Seulement deux photographes québécois ont reçu la permission de s’approcher des valeureux pompiers qui se sont démenés corps et âme à éteindre le brasier meurtrier de Lac-Mégantic. Le Drummondvillois Éric Beaupré y était. Il a immortalisé l’innommable…
"En une heure, Denis Lauzon, directeur du Service de sécurité incendie, a reçu plusieurs dizaines de demandes d’accès provenant de photographes de partout. Humblement, je pense que les intervenants de première ligne savent de quelle façon je travaille. Je m’exécute en respectant tous et chacun. Ceci dit, j’ai passé dix heures, samedi, à faire des photographies. Aujourd’hui, je peux te dire que je commence à aller un peu mieux. Ce que j’ai vu, c’était complètement surréaliste.

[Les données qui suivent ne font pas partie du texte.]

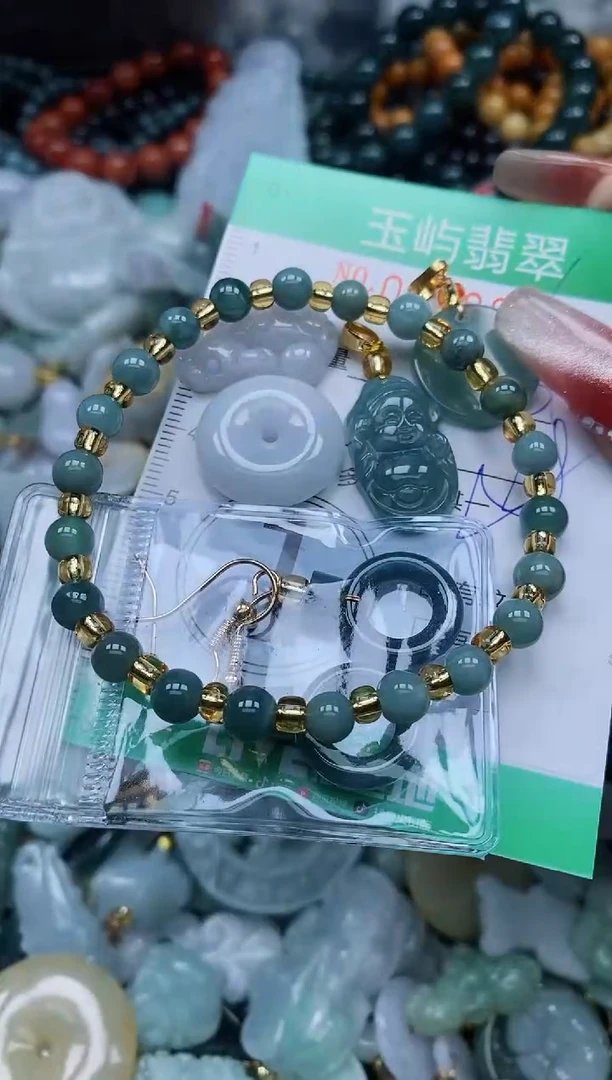 【闪购商品】翡翠颈饰未镶嵌闪购0078851多样性发其一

À un moment donné, on manque de mots…", partage le photographe spécialisé en couvertures incendies.
Vêtu d’un équipement de pompier et accompagné de sapeurs du Service de sécurité incendie de Nantes, Éric Beaupré a été frappé de stupeur en voyant l’étendue des dégâts, une scène d’une infinie tristesse.
"Il y avait des véhicules incendiés partout, des bâtiments en cendre, de la ferraille tordue… les briques étaient brûlantes et l’air, difficilement respirable, poursuit-il. J’ai pu aller à proximité du Musi-Café. Tout était en cendre. Les gens qui s’y trouvaient n’auront probablement pas eu le temps de réagir ni même de souffrir. Ils se trouvaient au cœur de la déflagration. J’ai vu l’enfer et j’ai été témoin d’une catastrophe sans nom. Les Méganticois ont été victimes d’une chaîne d’événements inhabituels".

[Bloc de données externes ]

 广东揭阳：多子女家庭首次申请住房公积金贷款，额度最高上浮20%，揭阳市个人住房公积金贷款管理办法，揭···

Circulant tant bien que mal dans la zone sinistrée, Éric Beaupré a réussi à prendre plus de 400 clichés, lesquels serviront sans doute à la poursuite de l’enquête.
Parmi les scènes qui l’ont marqué et laissé incrédule, il y a ce moment où le Lac Mégantic s’est carrément enflammé.

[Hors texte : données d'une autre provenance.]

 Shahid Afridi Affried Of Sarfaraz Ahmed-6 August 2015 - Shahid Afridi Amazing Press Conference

"À cause du déversement de pétrole dans les égouts, une portion du Lac Mégantic, près du barrage, a pris en feu. C’était vraiment impressionnant. Imaginez : les pompiers ont dû arroser le lac", a mis en perspective le photographe.
Aujourd’hui, si les Québécois se posent des questions sur les causes de cette terrible tragédie, Éric Beaupré, de son côté, est d’avis que des semaines voire des mois seront nécessaires avant d’obtenir des certitudes.
Puis, concernant les disparus, le photographe a clairement fait savoir qu’il ne souhaite pas s’aventurer sur cette avenue.
"Comme l’ensemble des intervenants, j’ai pu constater certaines choses, mais je ne veux pas en parler. Je ne veux pas nuire à l’enquête, qui s’annonce déjà tellement difficile", conclut-il.
Le photographe Éric Beaupré a reçu, en 2012, un certificat méritoire de la Sûreté du Québec pour sa bonne collaboration.